The above sets out the background to this matter. I will
progress to my adjudication.
The first matter that needs to be addressed
is whether I should waive the requirement that this application be brought
within 3 months
of the meetings on 10 July 1998 and 25 June 1999. The
application was not made until 11 August 2000. The 3 month rule is provided
by
section 193 of the Act as follows:
Time limit on certain applications193.(1) This section applies to an application for an order declaring
void—
(a) a meeting of the committee for the body corporate, or a general
meeting of the body corporate; or
(b) a resolution of the committee or body corporate; or
(c) the election of an executive or other member of the committee.
(2) The application must be made within 3 months after—
(a) if subsection (1)(a) applies—the meeting; or
(b) if subsection (1)(b) applies—the meeting at which the resolution
was passed or purported to be passed; or
(c) if subsection (1)(c) applies—the meeting at which the executive or
other member was elected.
(3) However, if the making of the application does not comply with
subsection (2)—
(a) the commissioner must deal with the application (including
making a case management recommendation for the application)

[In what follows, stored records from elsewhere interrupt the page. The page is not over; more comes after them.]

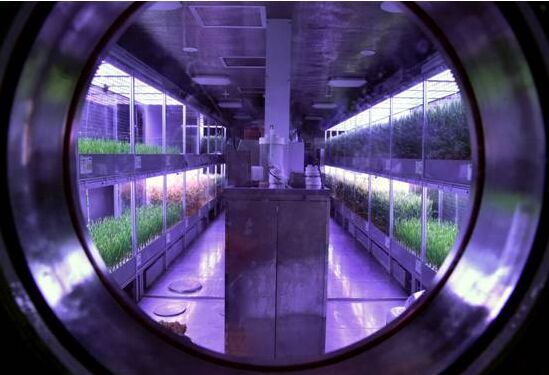 ????????? ???????? ?????? ?? 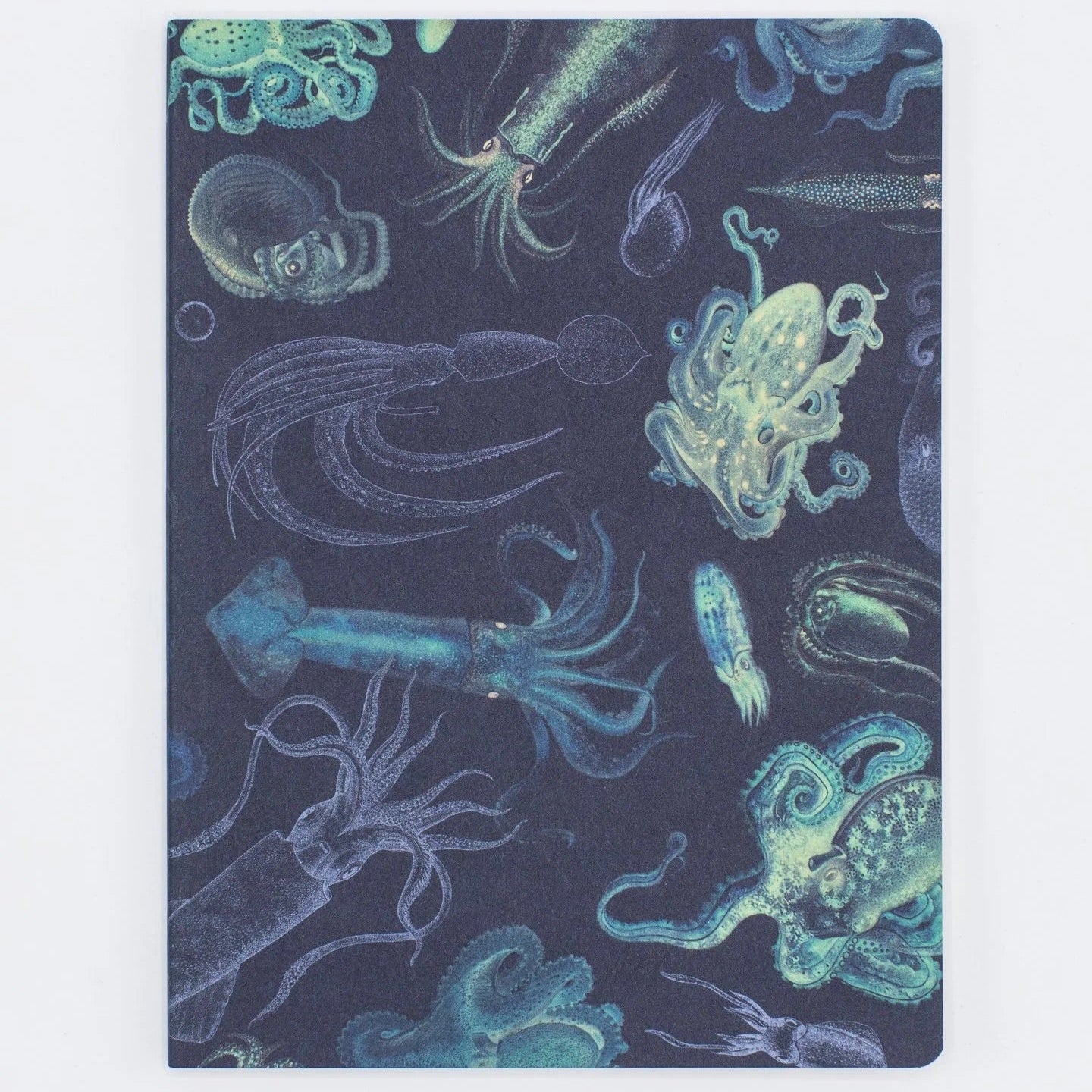 Cognitive Surplus Octopus & Squid Notebook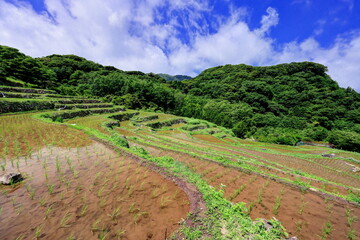 石部の棚田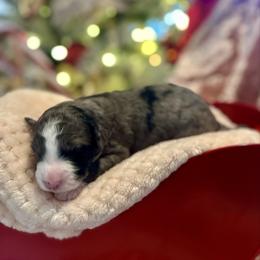 Ember - Blue merle female Bernedoodle puppy in Alabama from Peach & Pawmetto Doodles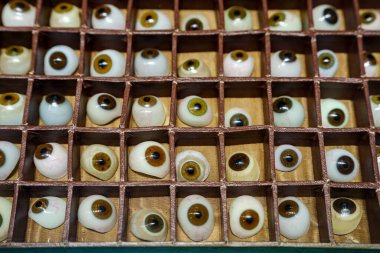 20. yüzyıl, Sa Bassa Blanca Müzesi (msbb)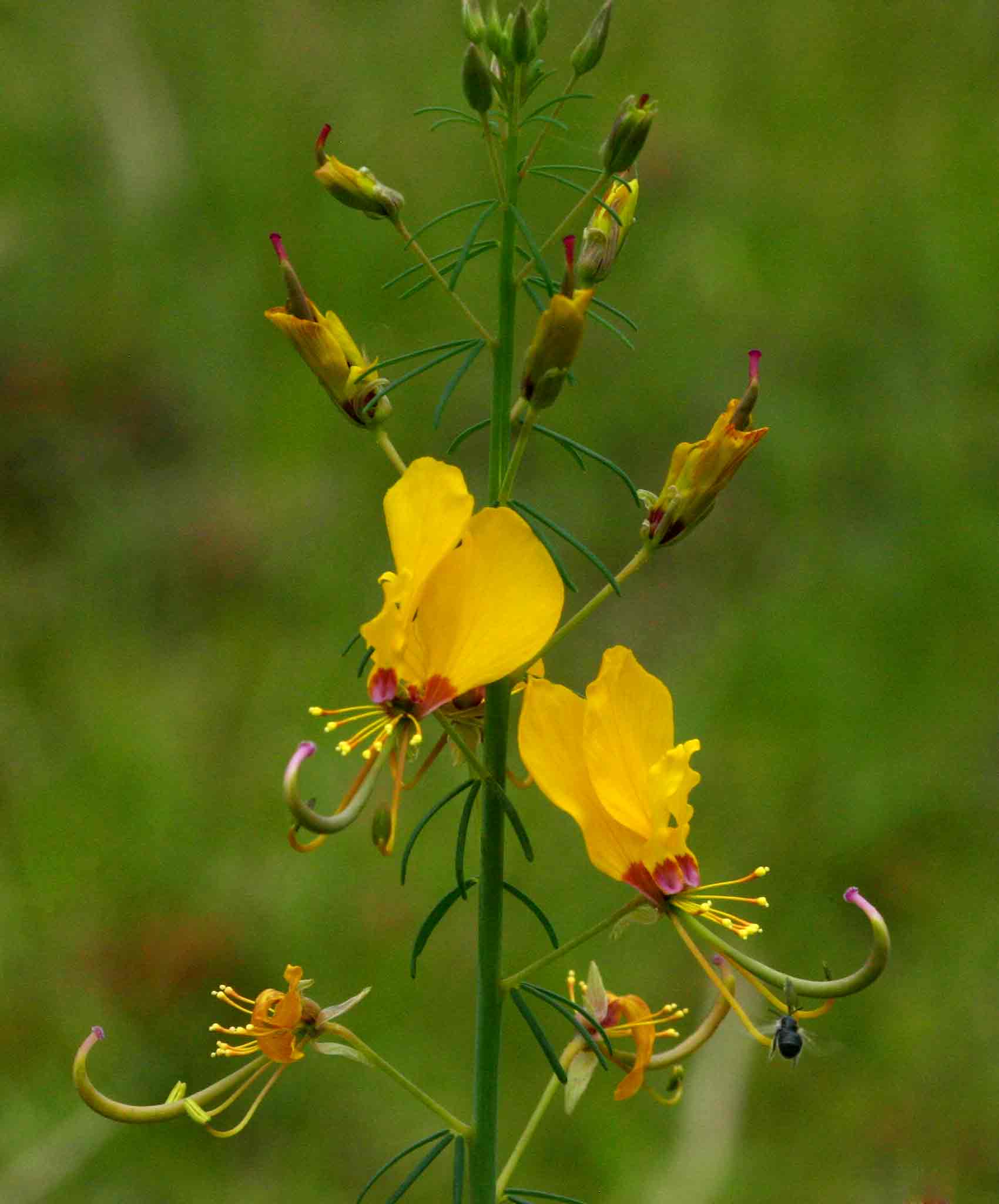 Cleome angustifolia subsp. diandra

as if the making of the application complied with subsection (2);
and
(b) an adjudicator to whom the application is referred for specialist or
department adjudication may, for good reason, waive the
non-compliance.
It will be observed that an
adjudicator can waive compliance with the 3 month rule for good
reason.
In the appeal of Weeks v. Commissioner for Body
Corporate (Maroochydore District Court Appeal 13/99) Judge Dodds made the
following statement about section 193 at pages 4 and 5 of the judgment:
“... the objects of the Act, for instance section 5(a) and (h) militate against too strict or legalistic a view about good reason for waiving non-compliance with the time limit. What will be required is a balancing of the length of the delay; the reason for the non-compliance; the effect of delay on others who are affected by the matter in dispute and importantly, whether apart from the question of non-compliance with the time requirement, an applicant will be entitled to the relief sought. The applicant, being the person seeking a waiver, will have the task overall of satisfying the adjudicator that the time limit should be waived in all the circumstances.”
I
will apply the reasoning of Weeks to this matter.
The delay has been
substantial. Over a year since the 1999 AGM and over two years since the 1998
EGM. The applicant states a reason
for the delay. The applicant has been
addressing allegations of discrimination with the Body Corporate. The applicant
states he
was unable to attend the 1999 AGM and 1998 EGM as the venues chosen
were not wheelchair accessible. The effect of the delay on others
will be
minimal. As will be discussed below, I find that the applicant is entitled to
relief.
In all the circumstances, I find that good reason exists to waive
compliance with section 193.
I will consider the merits of the
matter.
In my view it was unreasonable of the Body Corporate to resolve
that the applicant pay $482. The Body Corporate has contravened sections
87 and
114 of the Act. The applicant has already paid $322. The applicant was not
obliged to use Affordable Touches. That was
not a requirement of the resolution
passed at the AGM in 1998 that provided for the applicant to connect to the
intercom system.
I will invalidate the relevant resolutions made at the
1998 EGM and the 1999 AGM.
However, I am of the view that the applicant
should make payment toward the infrastructure that was already in place at the
time he
connected. The chairperson and secretary state that the cost of the
communal infrastructure as advised by Affordable Touches is
$231.25. I am
required to make an order that is just and equitable: section 223 of the Act. I
have decided to require the applicant
to pay the difference between the amount
he paid, $322, and the amount paid by other owners, $482. That is an amount of
$160. I
will give the applicant 28 days to pay the amount. In my view, the
applicant can be required to pay that amount pursuant to section
119(3) of the
Regulation. I will set out section 119 in full:
Supply of services by body corporate—Act, s 120119.(1) The body corporate may supply, or engage another person to
supply, utility services and other services for the benefit of owners and
occupiers of lots, if the services consist of 1 or more of the following—
(a) maintenance services, which may include cleaning, repairing,
painting, pest prevention or extermination or mowing;
(b) communication services, which may include the installation and
supply of telephone, intercom, computer data or television;
(c) domestic services, which may include electricity, gas, water,
garbage removal, airconditioning or heating.
Example—
The body corporate might engage a corporation to supply PABX services for the
benefit of the owners and occupiers of lots.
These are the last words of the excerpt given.